RECORDS FOR THIS TASK:
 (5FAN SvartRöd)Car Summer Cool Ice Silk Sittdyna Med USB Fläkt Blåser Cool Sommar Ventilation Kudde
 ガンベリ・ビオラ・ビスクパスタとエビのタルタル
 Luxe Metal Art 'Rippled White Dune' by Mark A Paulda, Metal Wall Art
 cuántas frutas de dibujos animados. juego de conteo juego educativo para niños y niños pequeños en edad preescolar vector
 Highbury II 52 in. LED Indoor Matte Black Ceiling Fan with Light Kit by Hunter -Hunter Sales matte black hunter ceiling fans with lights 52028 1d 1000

--

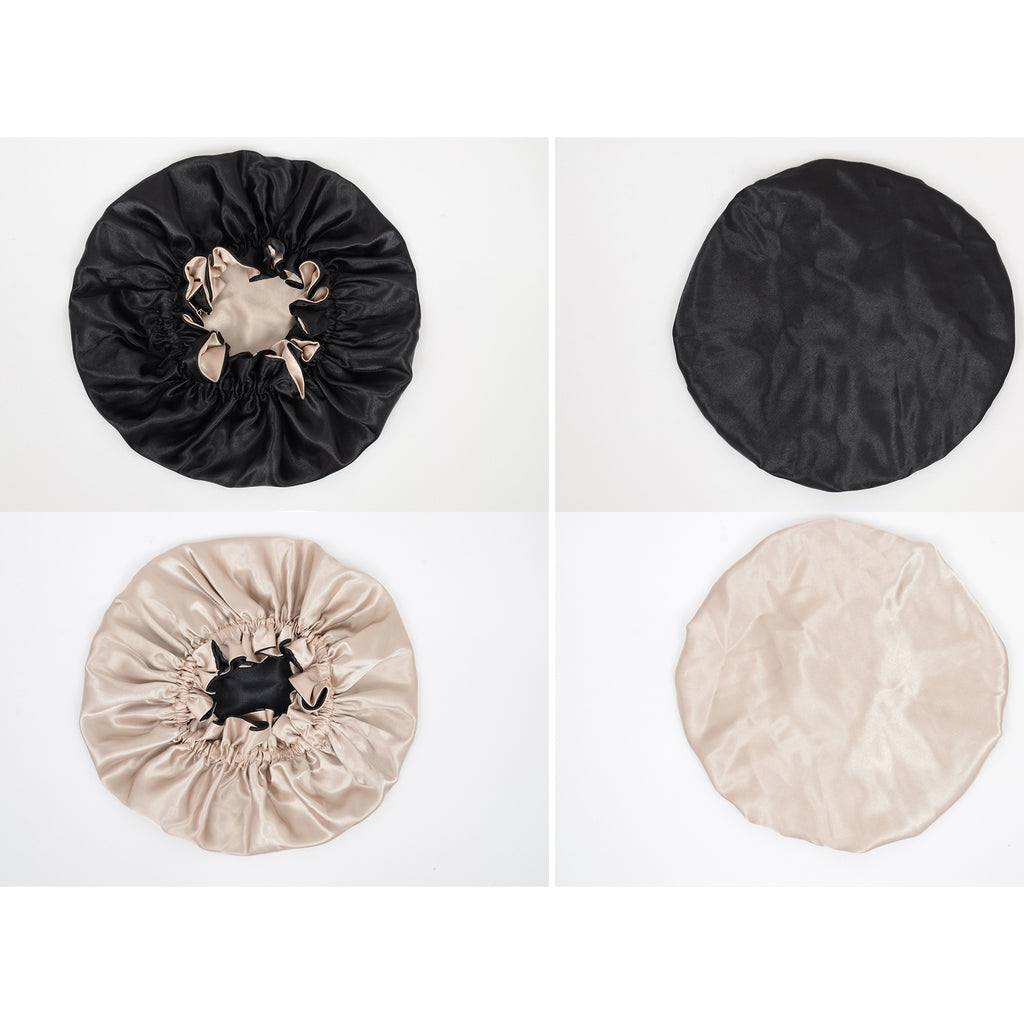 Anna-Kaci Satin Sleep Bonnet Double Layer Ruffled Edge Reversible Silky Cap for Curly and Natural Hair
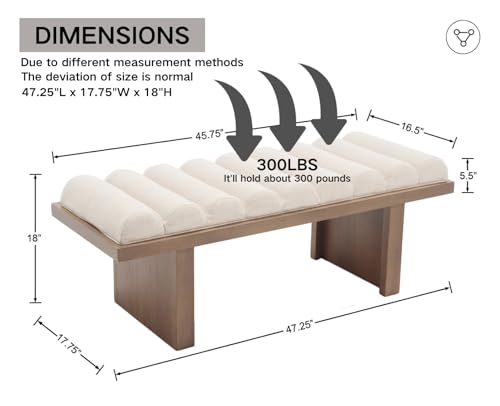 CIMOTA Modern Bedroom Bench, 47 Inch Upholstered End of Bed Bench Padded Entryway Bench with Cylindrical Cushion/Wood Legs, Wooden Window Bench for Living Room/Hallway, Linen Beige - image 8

REQUIRED ACTION: Nothing should appear in the answer except the lines above from the line with "(5FAN SvartRöd)Car Summer" through the line with "cuántas frutas de", both included, written out exactly.

RESPONSE:
 (5FAN SvartRöd)Car Summer Cool Ice Silk Sittdyna Med USB Fläkt Blåser Cool Sommar Ventilation Kudde
 ガンベリ・ビオラ・ビスクパスタとエビのタルタル
 Luxe Metal Art 'Rippled White Dune' by Mark A Paulda, Metal Wall Art
 cuántas frutas de dibujos animados. juego de conteo juego educativo para niños y niños pequeños en edad preescolar vector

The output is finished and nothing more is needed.